A co jest powodem? Stary jak świat ciepłociąg, który psuje się częściej niż obietnice polityków. Tak na marginesie, jaki geniusz kazał go tam umiejscowić, pod najbardziej uczęszczaną ulicą w Gryfinie? W każdym razie tego już nie zmienimy, pozostaje więc nadzieja na wymianę tych archaicznych rur na lepszy model, a może nasza drogowa udręka zniknie.
Co do samego ciepłociągu to miał on zostać zreperowany za starej władzy. Burmistrz Piłat zastrzegał się, że rozwiąże ten problem jeszcze za swojej kadencji a było ona dość długa trzeba przyznać -12 letnia. Niestety jak widać nie udało się, w tym „okresie” tego dokonać. Może miał za mało czasu, a może on i jego doradcy specjalizowali się tylko w zakresie ulic Sportowej i Rapackiego.

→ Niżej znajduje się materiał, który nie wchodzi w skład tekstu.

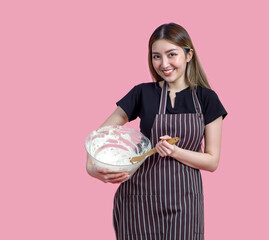 A happy woman in an apron, mixing batter in a clear bowl with a wooden spoon. Portrait on pink background with studio light. Isolated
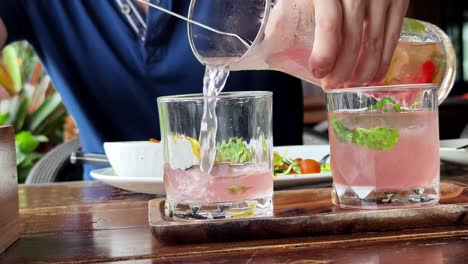 pouring pink cocktails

Skoro mowa o naszych wspaniałych ulicach nie wypada nie wspomnieć o ulicy Brzozowej, kolejnej „chlubie” naszego miasta. Powinien stać przy niej znak informacyjny „ bez dobrego zawieszenia wjeżdżasz na własne ryzyko”. Trzeba się sporo nagimnastykować, żeby dojechać do sklepów meblowych, stacji paliw czy dworca PKS bez zerwanych wahaczy. Nie będę poruszał tutaj kwestii budowy obwodnicy bo to temat na inną okazję ale my mieszkańcy tracimy cierpliwość z roku na rok i jesteśmy chyba zbyt wyrozumiali dla władz.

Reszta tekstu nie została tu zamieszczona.